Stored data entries
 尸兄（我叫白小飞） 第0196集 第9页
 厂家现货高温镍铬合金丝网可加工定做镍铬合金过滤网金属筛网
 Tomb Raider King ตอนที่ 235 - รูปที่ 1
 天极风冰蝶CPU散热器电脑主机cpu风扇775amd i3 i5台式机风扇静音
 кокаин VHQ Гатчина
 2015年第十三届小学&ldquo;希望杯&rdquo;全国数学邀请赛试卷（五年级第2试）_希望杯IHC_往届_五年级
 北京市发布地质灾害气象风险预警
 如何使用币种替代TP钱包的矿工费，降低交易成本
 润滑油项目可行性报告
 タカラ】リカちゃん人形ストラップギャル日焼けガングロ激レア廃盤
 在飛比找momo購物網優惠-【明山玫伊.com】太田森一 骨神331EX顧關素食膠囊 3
---
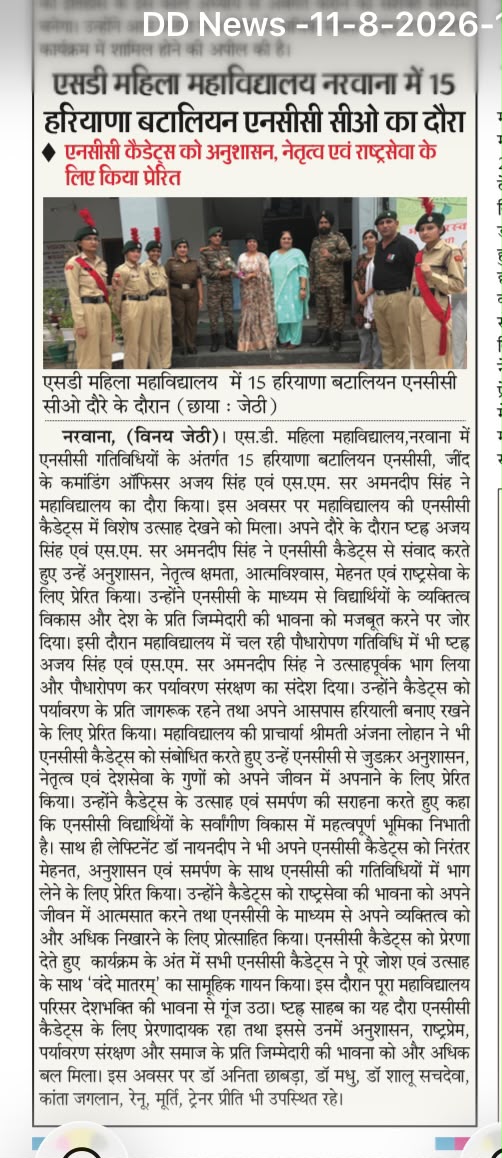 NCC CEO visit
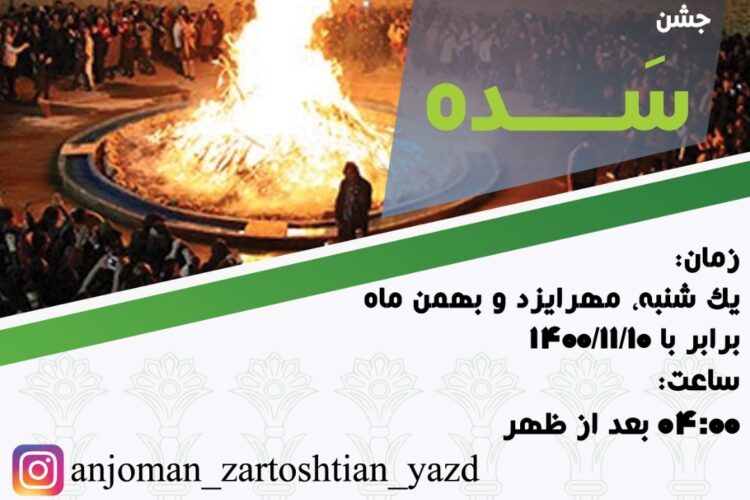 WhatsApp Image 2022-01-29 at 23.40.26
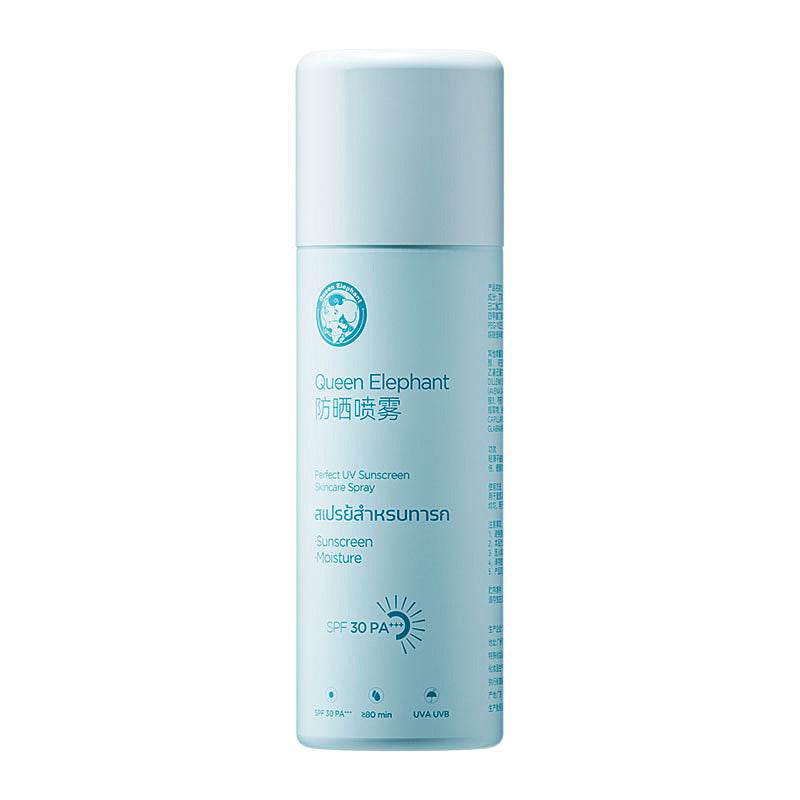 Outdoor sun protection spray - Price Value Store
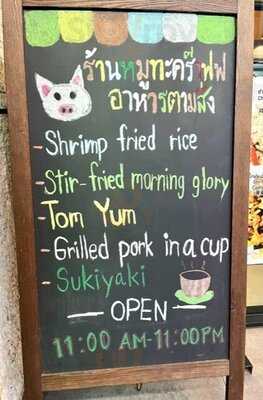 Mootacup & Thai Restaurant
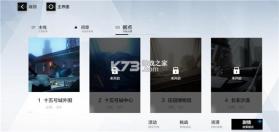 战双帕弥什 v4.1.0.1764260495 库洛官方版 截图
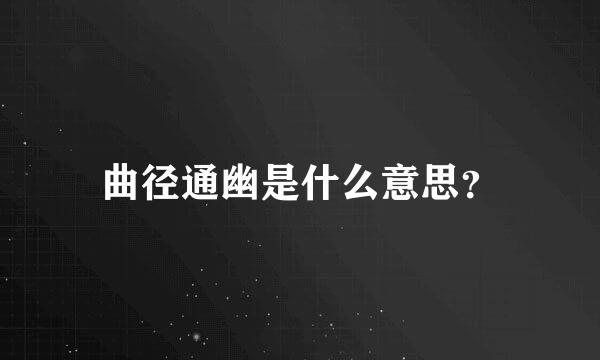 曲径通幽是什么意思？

**Aim of the exercise:**
Give back the records above exactly, limited to the lines between the one holding "尸兄（我叫白小飞） 第0196集 第9页" and the one holding "在飛比找momo購物網優惠-【明山玫伊.com】太田森一 骨神331EX顧關素食膠囊 3", inclusive.

**Exercise result:**
 尸兄（我叫白小飞） 第0196集 第9页
 厂家现货高温镍铬合金丝网可加工定做镍铬合金过滤网金属筛网
 Tomb Raider King ตอนที่ 235 - รูปที่ 1
 天极风冰蝶CPU散热器电脑主机cpu风扇775amd i3 i5台式机风扇静音
 кокаин VHQ Гатчина
 2015年第十三届小学&ldquo;希望杯&rdquo;全国数学邀请赛试卷（五年级第2试）_希望杯IHC_往届_五年级
 北京市发布地质灾害气象风险预警
 如何使用币种替代TP钱包的矿工费，降低交易成本
 润滑油项目可行性报告
 タカラ】リカちゃん人形ストラップギャル日焼けガングロ激レア廃盤
 在飛比找momo購物網優惠-【明山玫伊.com】太田森一 骨神331EX顧關素食膠囊 3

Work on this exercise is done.